▶ _Entries taken from a collection_:
....
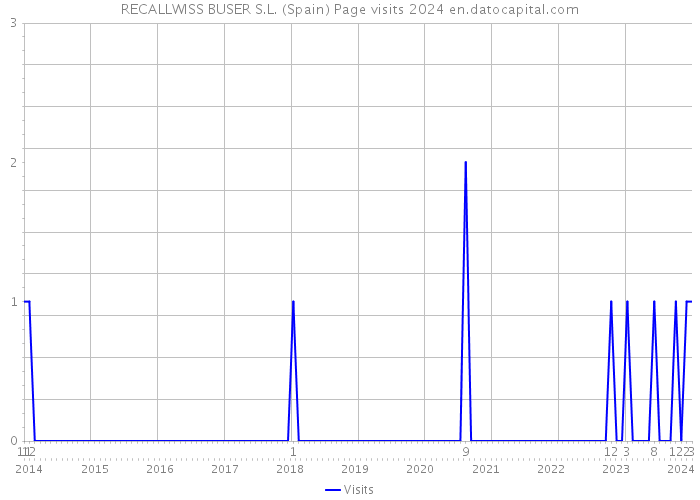 RECALLWISS BUSER S.L. (Spain) Page visits 2024 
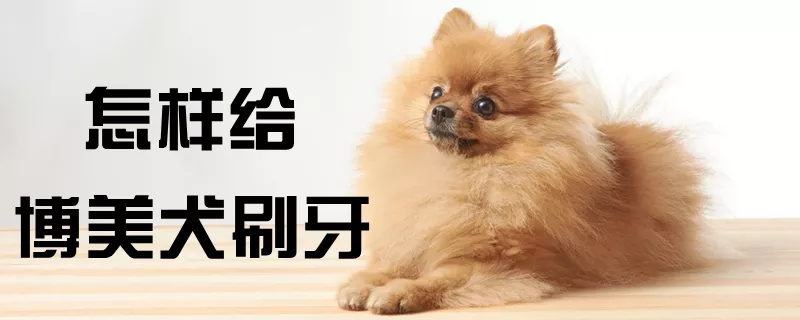 怎样给博美犬刷牙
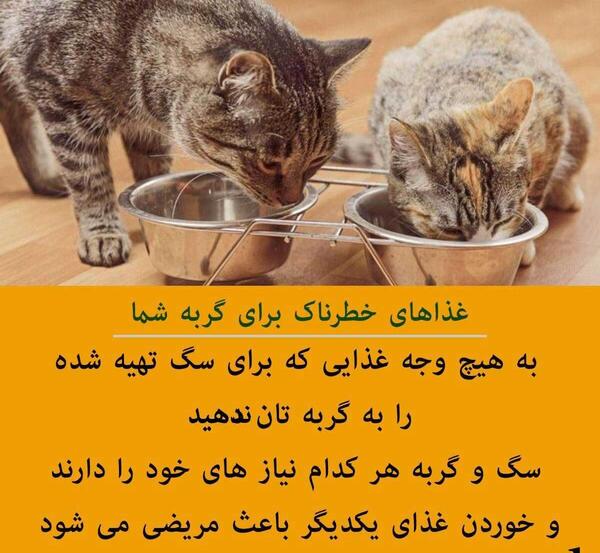 عکس گربه ها در حال غذا خوردن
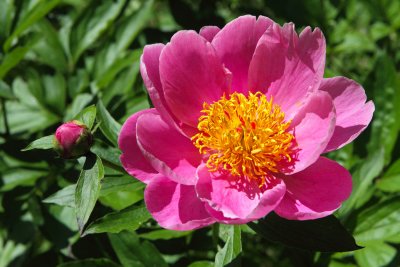 Peonies in the Park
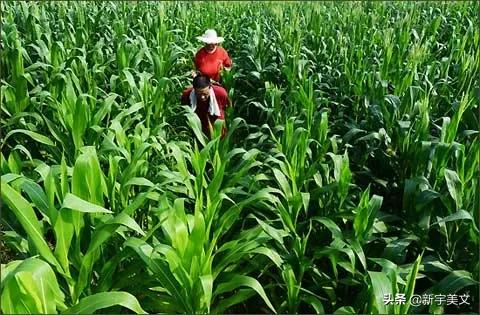 中国最优质的玉米,优质粮食玉米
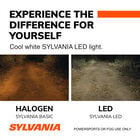 SYLVANIA H11 LED Fog & Powersports Bulb, 2 Pack, , hi-res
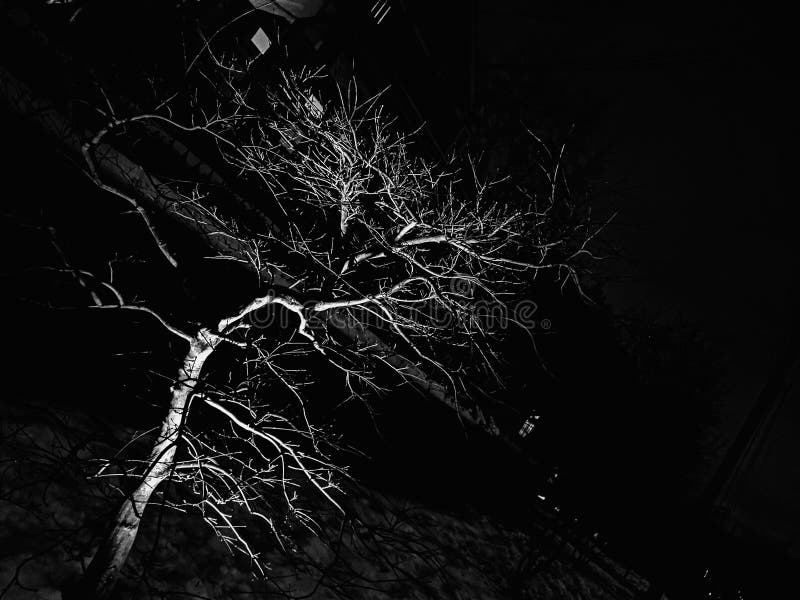 Illuminated Tree At Night Picture. Image 82996114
....
▶ _WHAT IS NEEDED_: Copy out, with no pictures, the lines from the one containing "中国最优质的玉米,优质粮食玉米" through the last line of the data above, both ends included and each word unchanged.

▶ _YOUR RESPONSE_:
 中国最优质的玉米,优质粮食玉米
 SYLVANIA H11 LED Fog & Powersports Bulb, 2 Pack, , hi-res
 Illuminated Tree At Night Picture. Image 82996114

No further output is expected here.